The South is fantastic and weird. It is so beautiful here. I work with about 38 guys and two other girls. I am very grateful that my experience has trained me for environments like this. Especially since my professional environments have been high in vitamin estrogen since I left corporate IT.
It’s interesting to talk to the other two women, they are at that place where they don’t know if they can trust women in the workplace. I am modeling trustworthiness to them. I am modeling good will, because I remember when I was there.
I have been confronted toe to toe about my knowledge and experience by the alpha male, in public. I think he regrets that. He thought this California girl would be a push over. He thought that having his guys around would intimidate me. But I am so grateful for my experience in public confrontation (thanks cult!!). In public speaking, in business, in everything. I had one hell of a tit for his tat. And he has 20 years of experience in this technical industry, but when I pulled my 16 years of technical experience together and shot back. His guys started to back down and walk away. Hit the bully once, big, publicly and with humor not anger (like he had).
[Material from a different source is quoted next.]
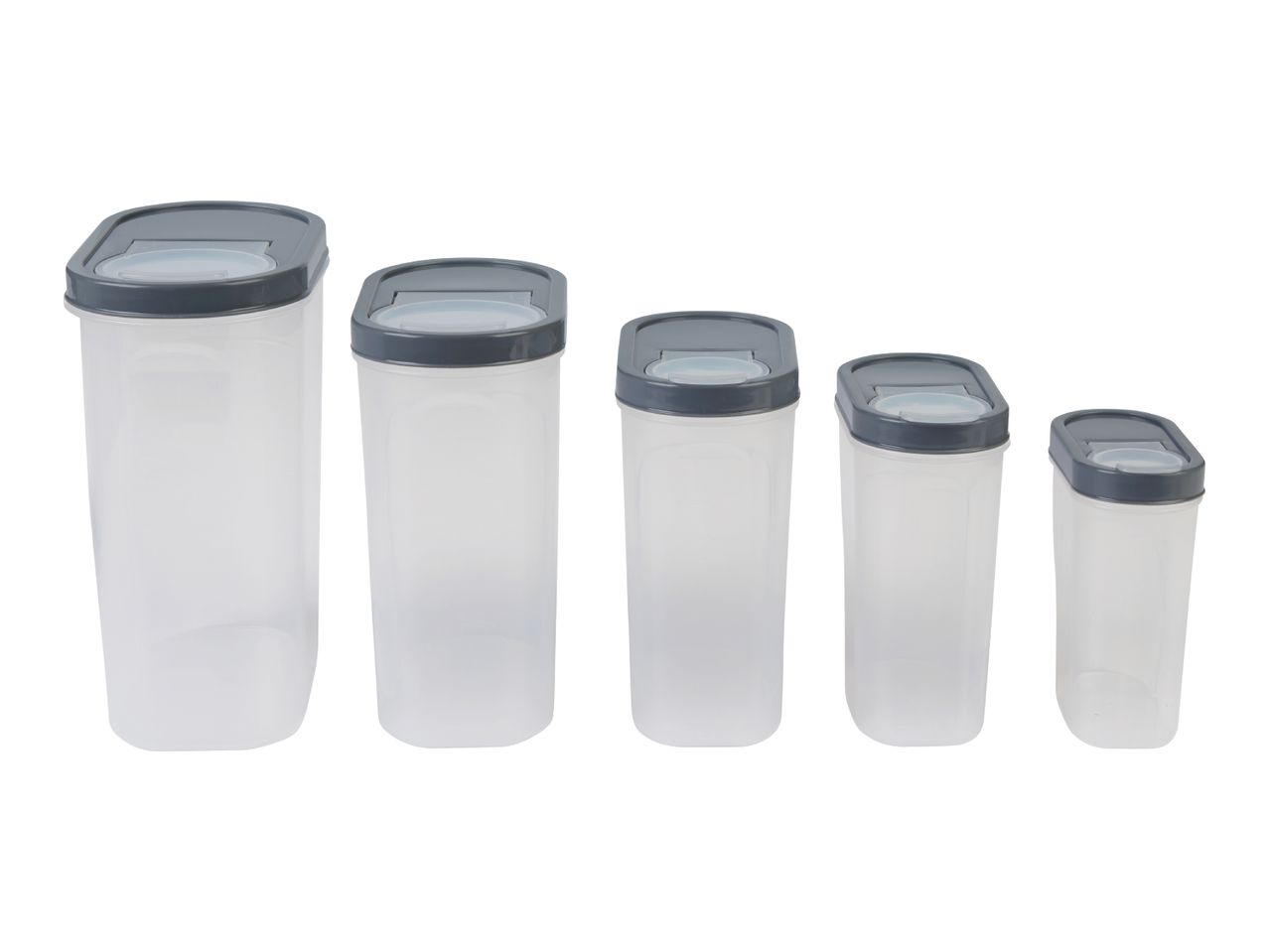 Set of five translucent plastic storage containers with gray lids.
Now he minds his own business and I got cred.
I wasn’t going to come out as bisexual because I am trying to practice personal boundaries and I didn’t want people all up in my business. And I didn’t want the whispers and chortling of being a bi-chick among dudes. I didn’t want that to be the only thing they remembered about me. I at least wanted my 90 day probation to be overwith. But I messed up the “pronoun game”. And said she when talking about my ex, instead of letting them assume he. It was only in front of my manager. After that he had a vacation planned and he came back and it’s not an issue. Except that he told me he’s too ugly to be gay.
Politically correct doesn’t really happen here and that is actually extremely refreshing to me. Because they don’t care if you walk away if you don’t want to hear it. And I do feel perfectly comfortable walking away. I love that they’ve only known me at this age. Everyone else has known me as a younger me, and people don’t see me as especially young here. That’s really liberating.
Everyone is mostly awesome and sweet. Lots of Southern charm. I love it.